## WHAT TO PRODUCE
Would you please set down the data again exactly as given, excluding the pictures?

## MATERIAL PROVIDED
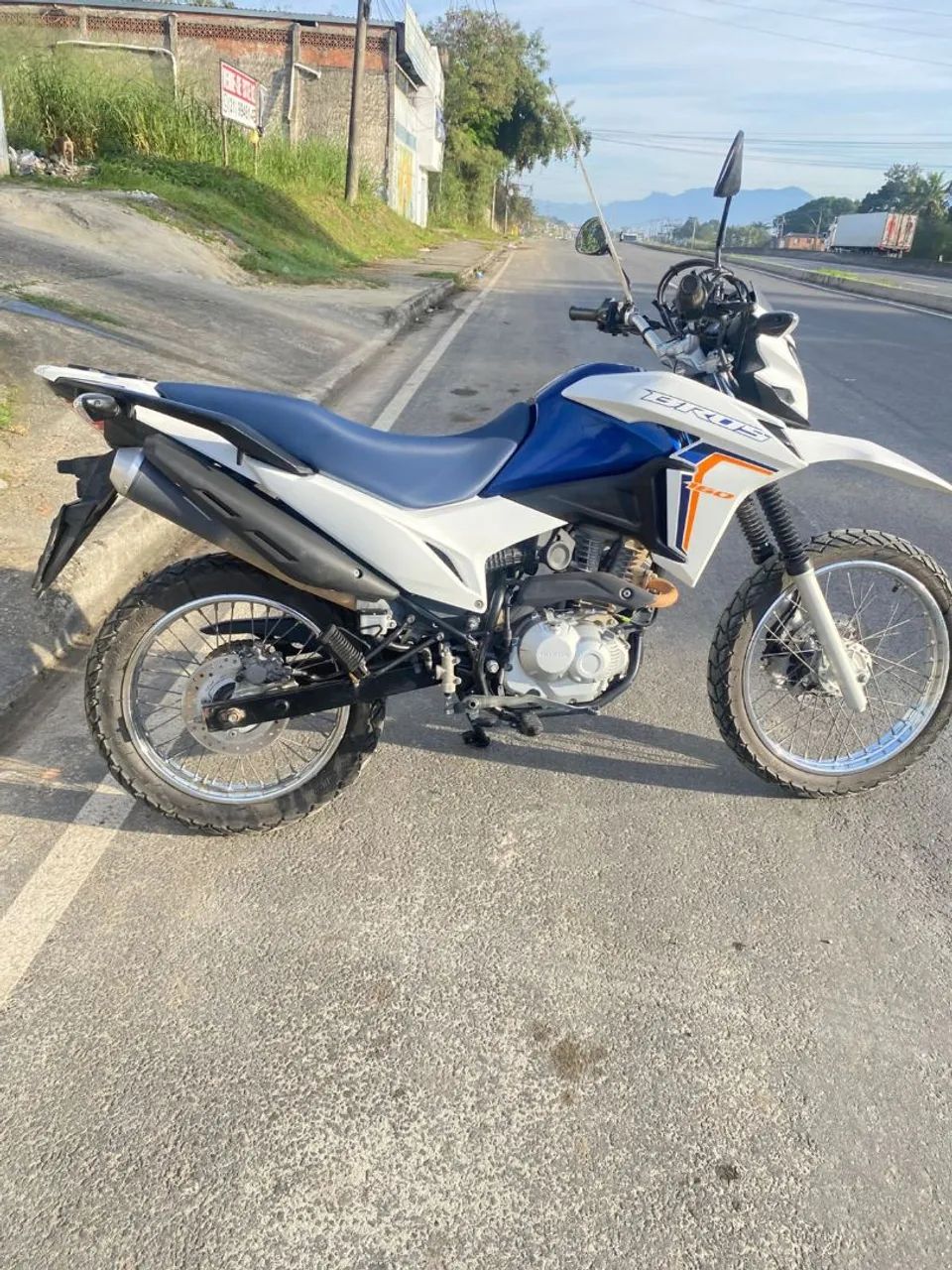 Bros 160 - Foto 4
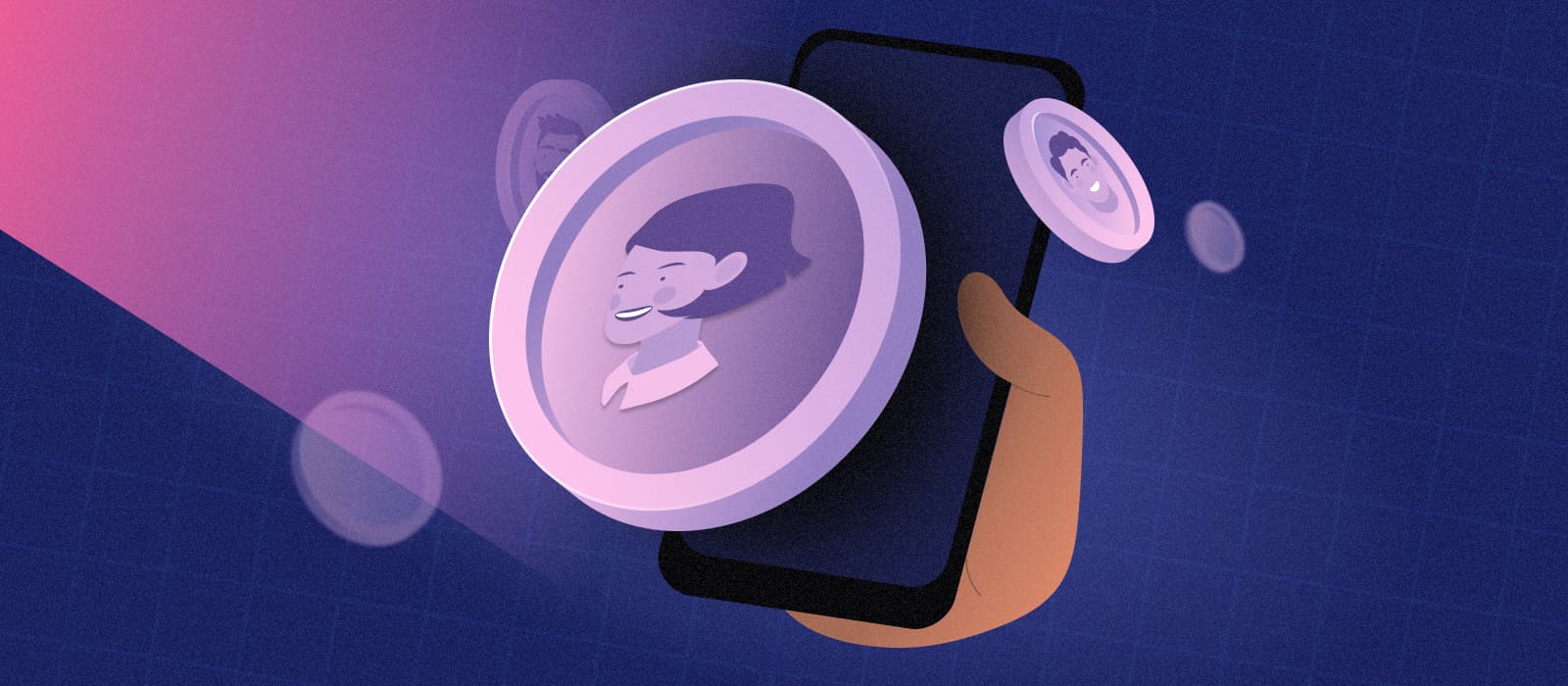 Social tokens and cryptocurrency integration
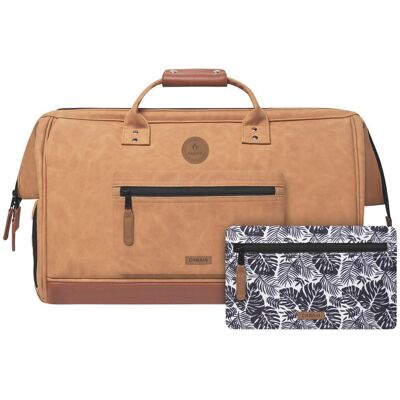 Cabaia - Duffle 36L Vegan Nubuck Moscow - Sac de voyage - Publicité Cabaia - Duffle 36L Vegan Nubuck Moscow - Sac de voyage - Publicité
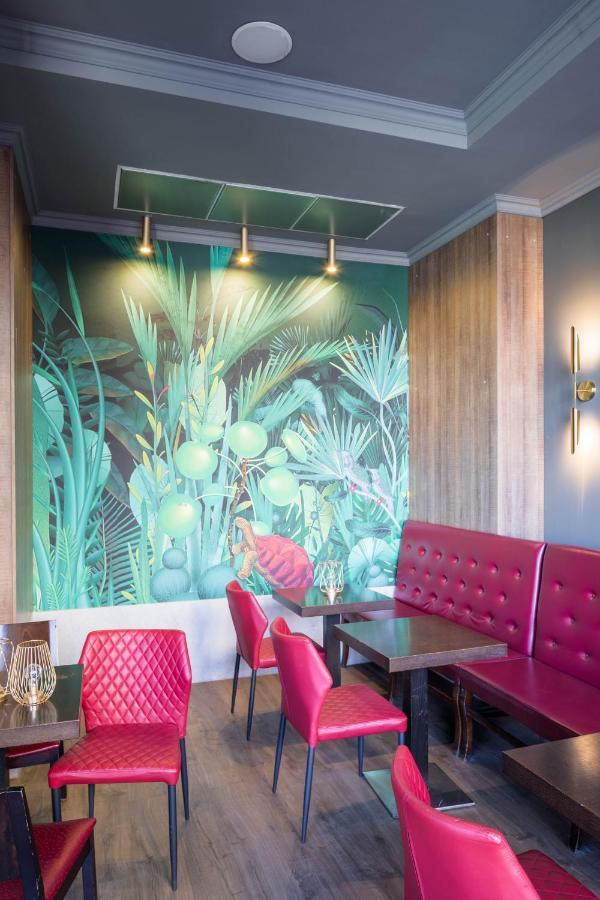 Hotel Rogge Решица Екстериор снимка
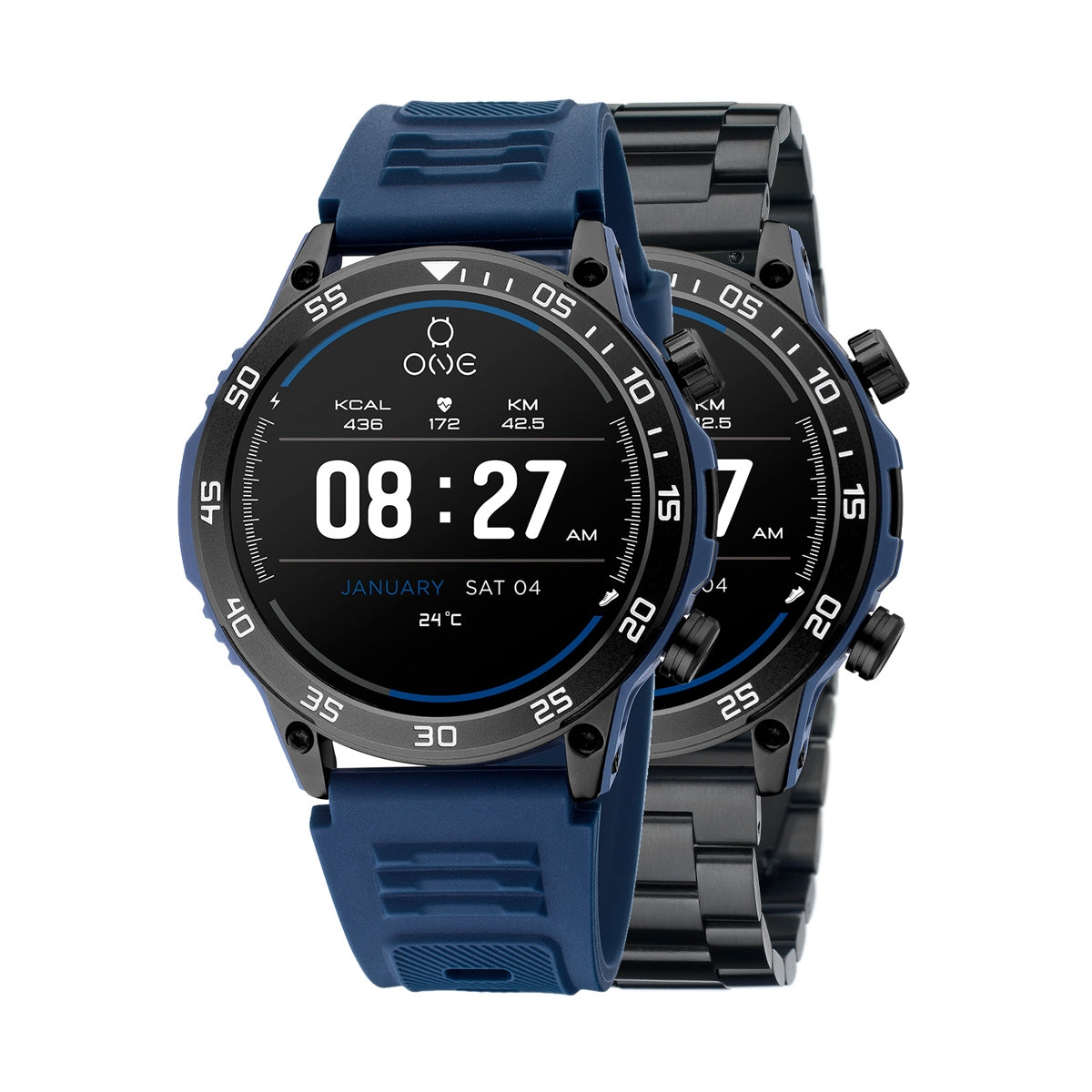 ONE SMARTWATCH WATCHES Mod. OSW0277AL42D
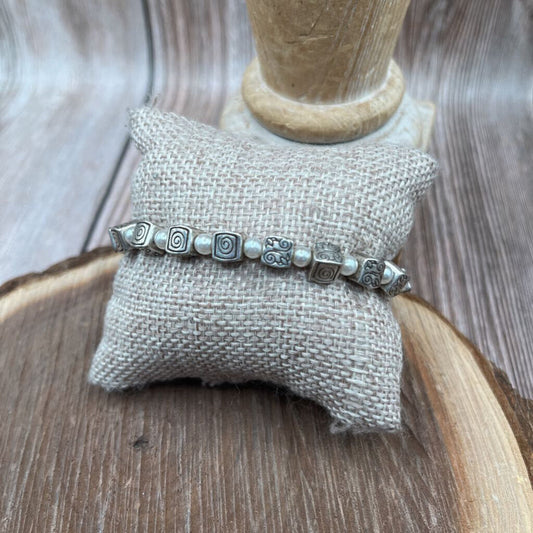 Brighton Pearl Accents Bracelet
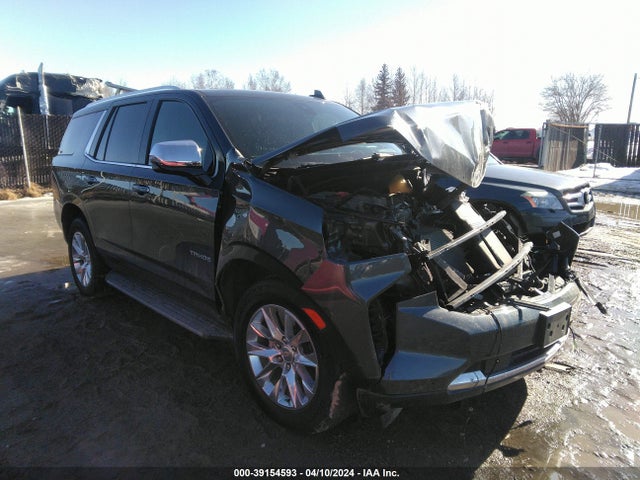 Chevrolet Tahoe 4wd Premier 2021 1GNSKSKD6MR224641 main image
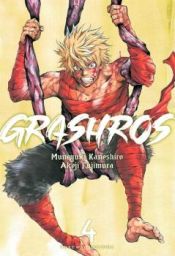 Portada de GRASHROS 04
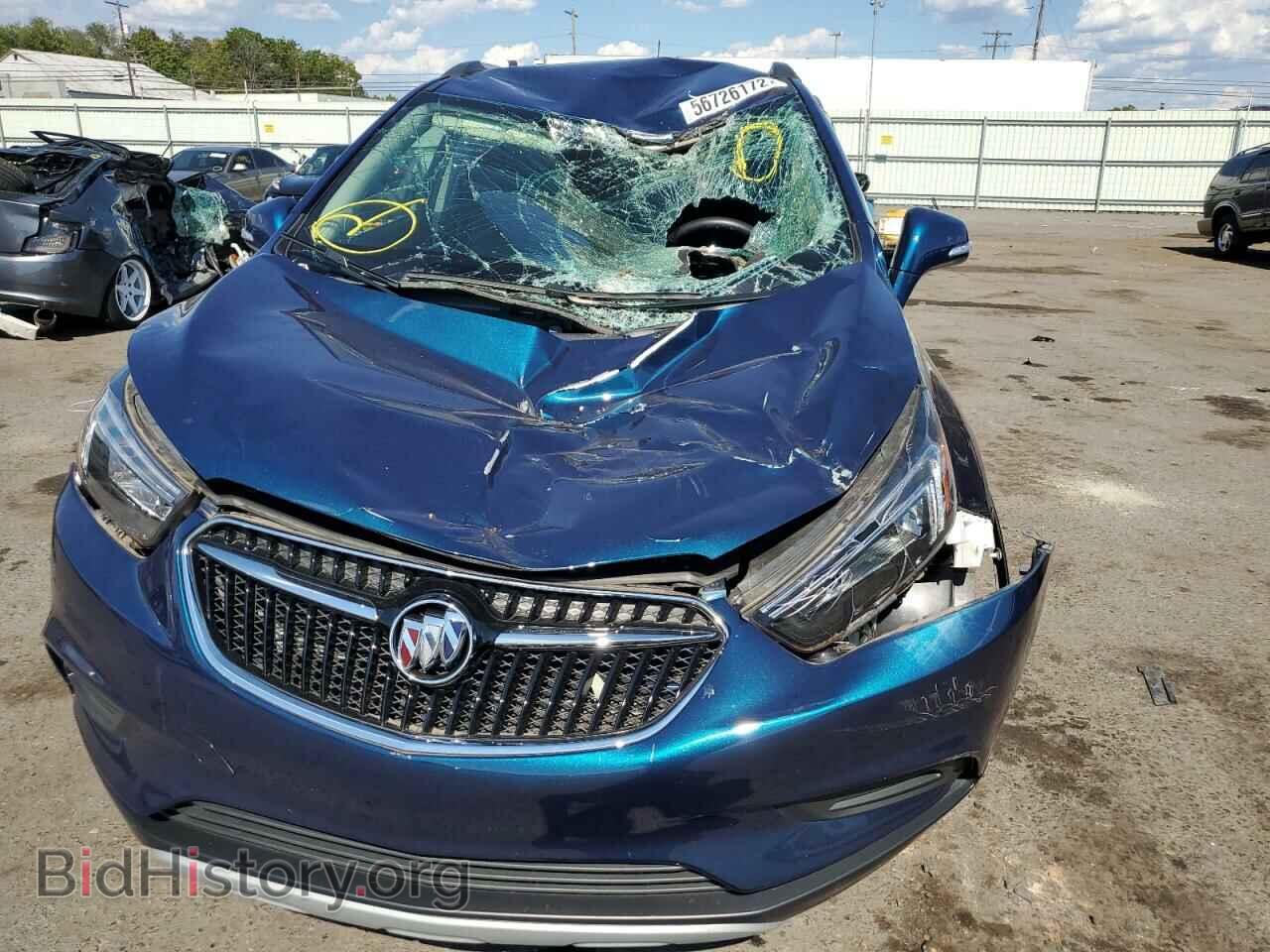 2019 BUICK ENCORE - VIN: KL4CJESB7KB896983 - Фото 9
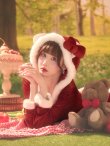 モデル：ゆりにゃ 身長162cm　着用サイズ：Sサイズ
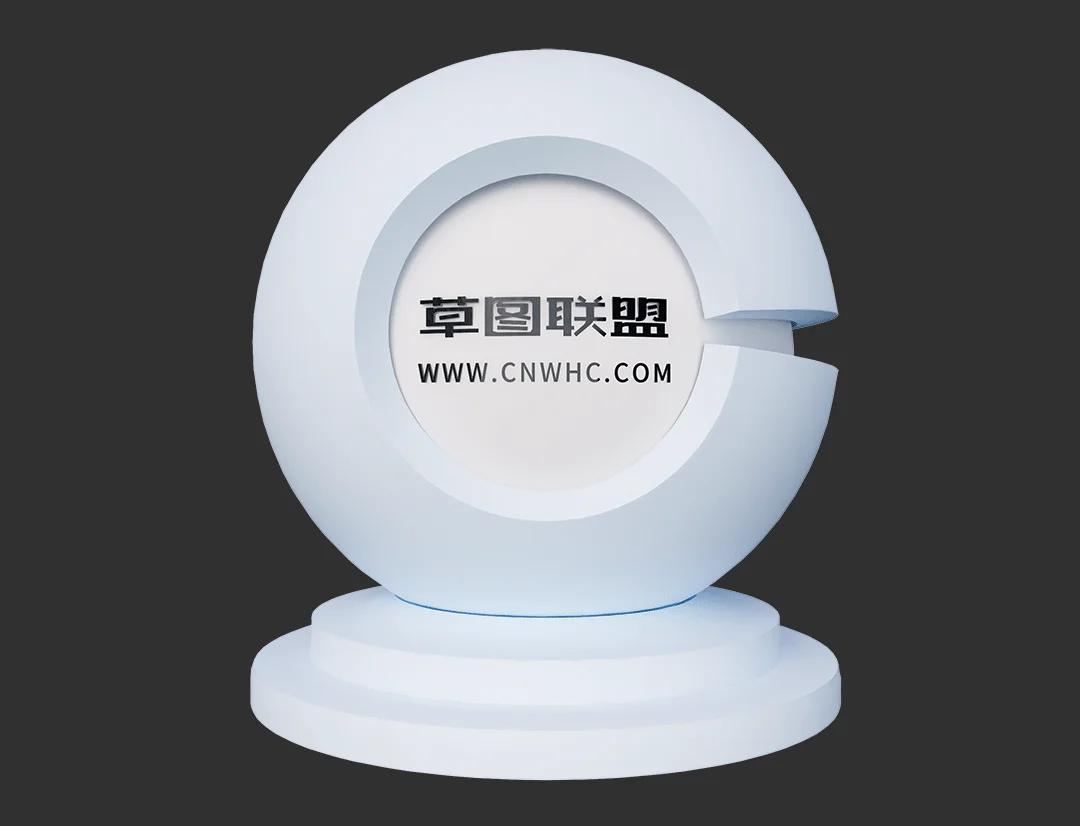 克洛斯邦纯色板材Enscape材质SketchUp材质贴图下载0040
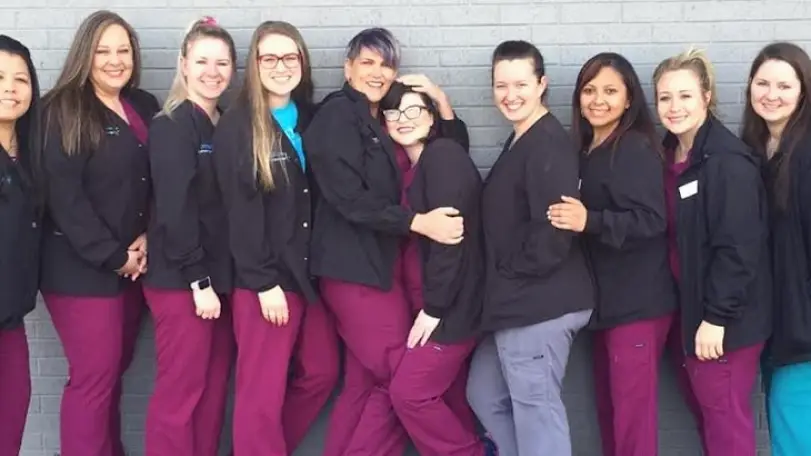 Hot Springs Brittany Curry, DDS, MS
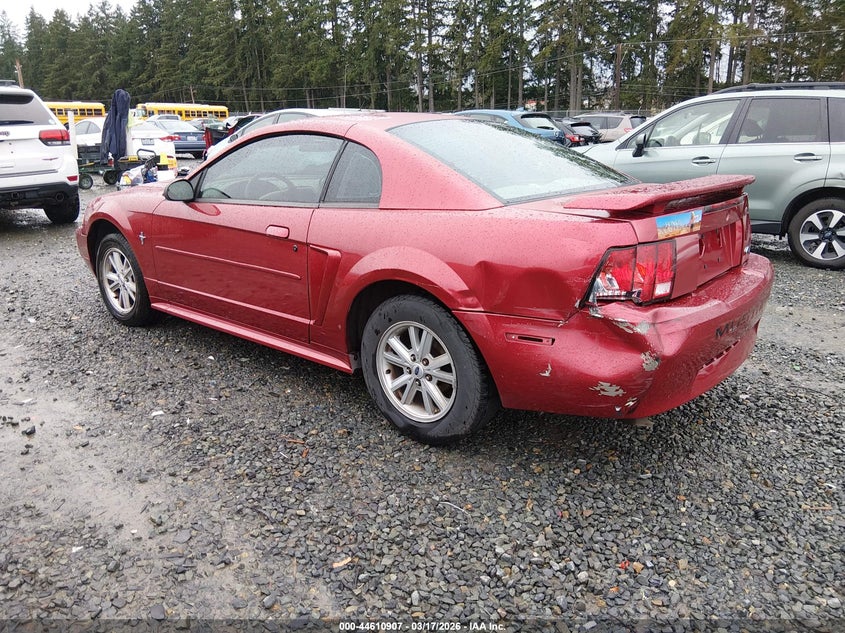 2003 Ford Mustang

## WORKED SOLUTION
 Bros 160 - Foto 4
 Social tokens and cryptocurrency integration
 Cabaia - Duffle 36L Vegan Nubuck Moscow - Sac de voyage - Publicité Cabaia - Duffle 36L Vegan Nubuck Moscow - Sac de voyage - Publicité
 Hotel Rogge Решица Екстериор снимка
 ONE SMARTWATCH WATCHES Mod. OSW0277AL42D
 Brighton Pearl Accents Bracelet
 Chevrolet Tahoe 4wd Premier 2021 1GNSKSKD6MR224641 main image
 Portada de GRASHROS 04
 2019 BUICK ENCORE - VIN: KL4CJESB7KB896983 - Фото 9
 モデル：ゆりにゃ 身長162cm　着用サイズ：Sサイズ
 克洛斯邦纯色板材Enscape材质SketchUp材质贴图下载0040
 Hot Springs Brittany Curry, DDS, MS
 2003 Ford Mustang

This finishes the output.